The first two singles from The Night the Sun Came Up, "Bass Down Low" and "In the Dark", were both moderate international hits, with "Bass Down Low" peaking within the top ten of the UK Singles Chart. "In the Dark" was more successful in North America, peaking at number eleven on the Billboard Hot 100 in the United States and at number thirteen on the Canadian Hot 100 in Canada. It charted in more commercial markets, reaching the summit of the IFPI chart in Slovakia.

==Background==
Devin Tailes recorded a cover of Amy Winehouse's "Back to Black" in response to her ex-boyfriend's new girlfriend, calling it a "diss track". The song was placed on Myspace and discovered by production team The Cataracs. She was then signed by the Los Angeles-based record label and management team, Indie-Pop, who also discovered The Cataracs. Months later, their song "2Nite" began to gain exposure on the radio, the television channel MTVU and the Billboard Hot Dance Airplay chart. In 2009, Dev moved to Los Angeles to produce music with the Cataracs and work directly with Indie-Pop. During that time, songs like "Fireball" and "Booty Bounce" were made.

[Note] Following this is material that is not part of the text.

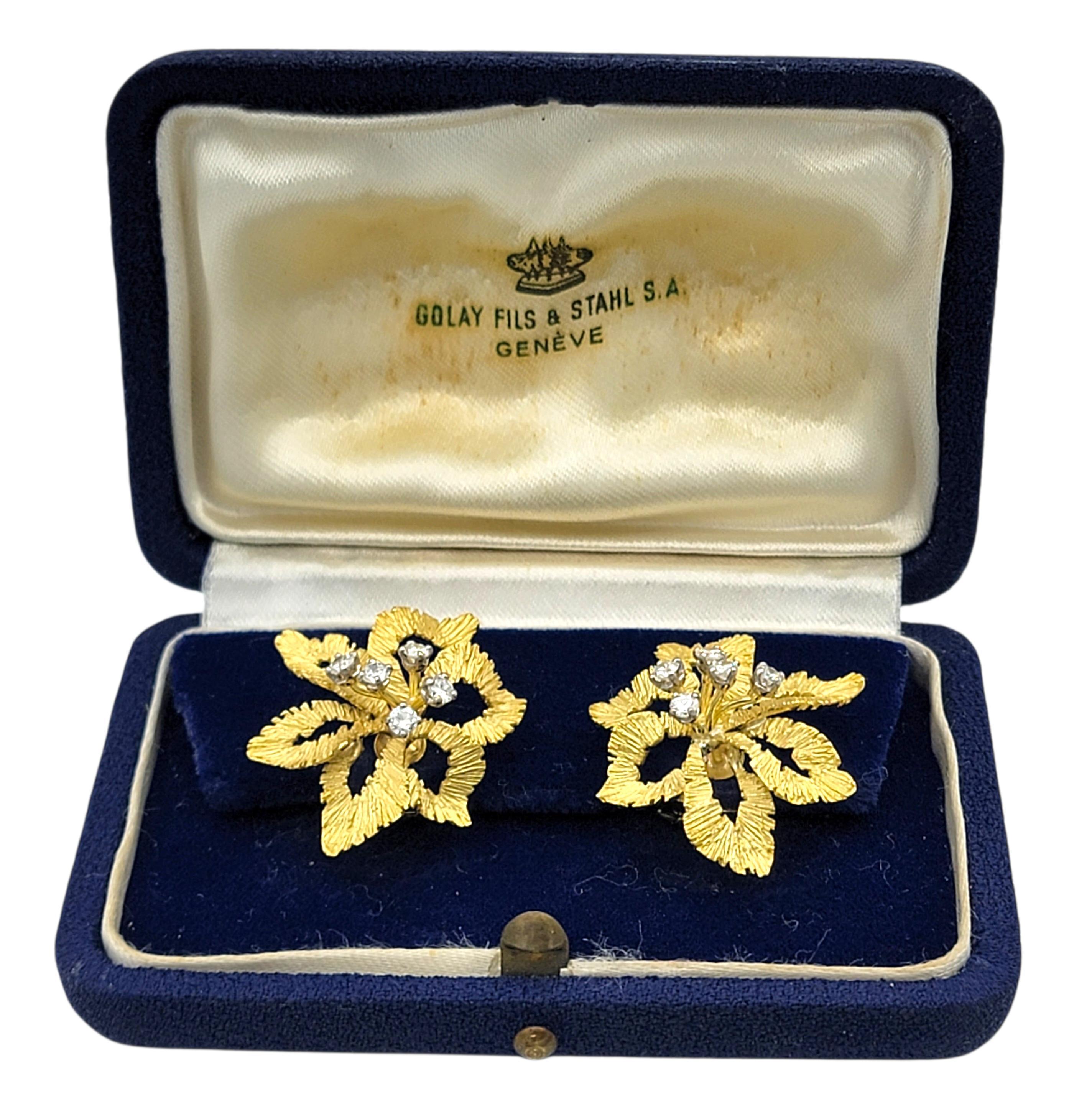 Vintage Flower Motif Clip On Earrings with Diamonds in Textured 18 Karat Gold im Angebot 7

The latter track was produced in the same summer as The Cataracs produced "Like a G6", at the time where Dev and the Cataracs "were grinding it out in the studio pretty tough together", making a couple of "simplistic random tracks." "Like a G6", which features the Cataracs and Dev, was released in April 2010, and reached number one on the US Billboard Hot 100 chart in October of that year, prompting Universal Republic to sign her on as an artist in the same month.

==Recording and development==

The boys and me have that under control but listeners should understand music is self-expression and don’t take anything too seriously. In 2011 The Cataracs and myself have the ability to change the game, blend the music world by providing the weird California swag and sound were on. The sounds, The Cataracs & me choose, the lingo we use, and we know what's up. I feel like a lot of artists try to get there and it's almost there but the lingo is off, the beats are wrong and I can tell those things because we’ve already started the movement, that "pop revolution" everyone is talking about.
— Dev on the material of her debut studio album and their (with The Cataracs) influence in pop music.

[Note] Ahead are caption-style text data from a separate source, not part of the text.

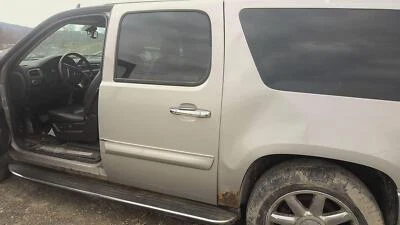08 GMC YUKON XL 1500 Rear Door Driver Sidesilver Birch Metallic59uscratches - Image 1 of 2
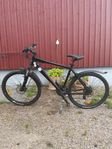 Svart Mountainbike 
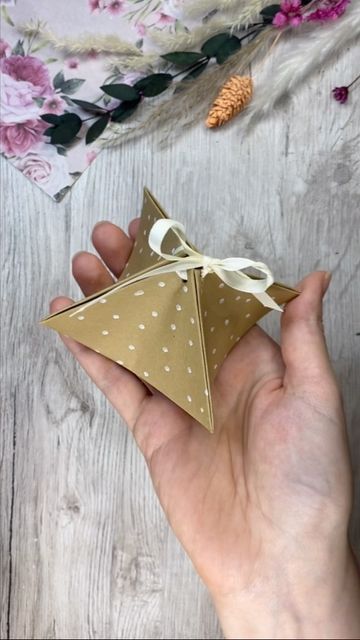 Diy Paper Boxes Easy, Gift Card Present, Gift Packing Ideas, Origami Gift Box, Recycled Paper Crafts, Christmas Gift Tags Diy, How To Make An Envelope, Gift Tags Diy, Gift Packing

The album's production process began in January 2011 in Costa Rica. The Cataracs, who helmed the entire album's production, worked with Dev on the songwriting for the album, helping her with the themes to help diversify the content. She said that they were perfect producers for her, noting that "they made really fun songs for kids on the radio and at the same time they were normal boys, eating burritos, chilling in Berkeley", which is what she felt connected her with them. She hinted early on in the interview that she had an interest in working with other people for the album, noting that other producers and writers have contacted her. She later came back stating "I think me and The Cataracs are on a really good streak right now and it's not intentional."

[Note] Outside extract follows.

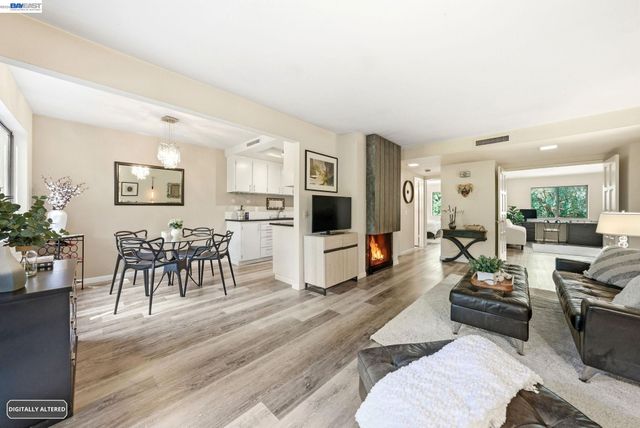 20720 4Th St 3, Saratoga, CA 95070
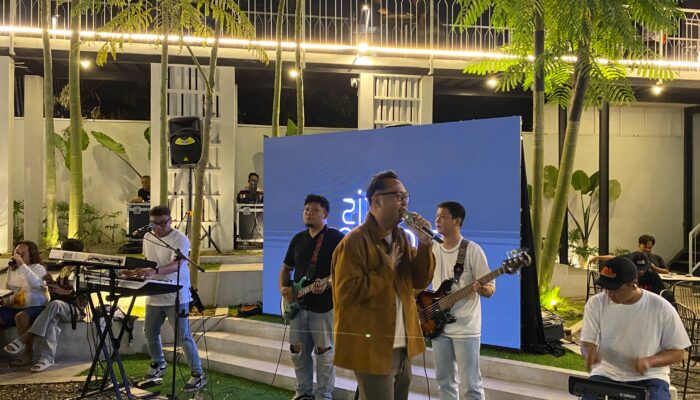Gandeng Irwan Jamrud, Musisi Cirebon Aris Amund Rilis Single Debut “Salah Menilai”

Dev moved in with The Cataracs to produce the album. She claimed the experience to be "beautiful" and felt like being in a movie. She also claimed the experience gave the album "an amazing vibe." On interview with Alex Kazemi of FashionIndie, Dev stated that their sessions are very different and complicated, further commenting "It really depends, some times the boys will come to me and say "I’ve been wanting to do this song but this is more of a DEV track" and from there Niles will show me the beat and me and David will come up with lyrics or some times I go to them when I have written some sort of idea and they will help me elaborate on it to the point where we can have a song." During the time they were in Costa Rica, they recorded thirteen to fourteen songs for the album. The song, "Take Her From You", was composed while in Costa Rica recording the album. The song was originally written by one of The Cataracs for himself and while reading some of the lyrics, Dev expressed her interest in recording the song.

==Concept and themes==
According to Dev, the album is an attempt to escape the comparisons to other artists in the electropop genre, including American recording artist Kesha and singer-songwriter Uffie. She noted that the comparisons helped motivate her to take the music to a new level and sing on the majority of the album. She further explains that the material on the album has more diversity, bringing together different sounds and conveying more depth in the songwriting. She described that the songs are influenced by hip hop and electro music. The album, according to Dev, will bring together "my [Dev] intricate influences and The Cataracs simple influences." While on interview with KiSS 92.5, she commented that the music on the set will contain music stylized toward club and dance music and hip-hop influenced tracks where she will rap the entire song.

==Composition==

"This is my chance to let everybody know who I was because the public only knows me from "Bass Down Low" and "G6" and I wanted to express everything that I had to say and everything that I have been through and my stories for these last few years. It was important for me to be honest and be vulnerable. I think you can hear that on the album. Songs like "Perfect Match", "Getaway", "Dancing Shoes" and "Shadows" that are all really pretty. That is what I want to do. I want the next album to have more of those and be more mature. And be able to perform beautiful songs with instrumentation. I think that I am getting there. It meant a lot to me for this album to not only be sassy, but to be really pretty as well."
— — Dev explaining the content of The Night the Sun Came Up.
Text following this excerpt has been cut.